◆ HOW TO COMPLETE THIS TASK: In the material below, find the line with "Cute 100th Day" and the line with "U.J. RAMELSON - 5". Output exactly those two lines and all lines between them, leaving out pictures.

◆ DATA TO USE:
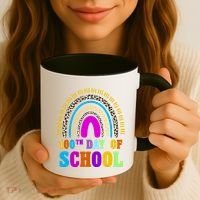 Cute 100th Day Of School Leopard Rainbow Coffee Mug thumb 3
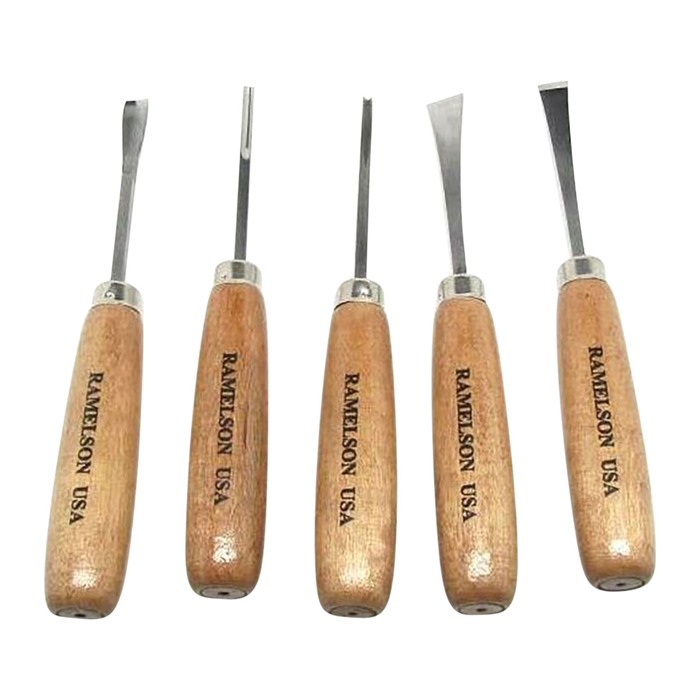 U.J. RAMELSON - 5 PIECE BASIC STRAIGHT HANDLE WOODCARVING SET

==

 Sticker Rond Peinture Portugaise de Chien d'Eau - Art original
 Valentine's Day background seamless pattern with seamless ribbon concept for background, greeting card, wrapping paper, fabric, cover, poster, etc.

◆ RESPONSE FOR THIS EXERCISE:
 Cute 100th Day Of School Leopard Rainbow Coffee Mug thumb 3
 U.J. RAMELSON - 5 PIECE BASIC STRAIGHT HANDLE WOODCARVING SET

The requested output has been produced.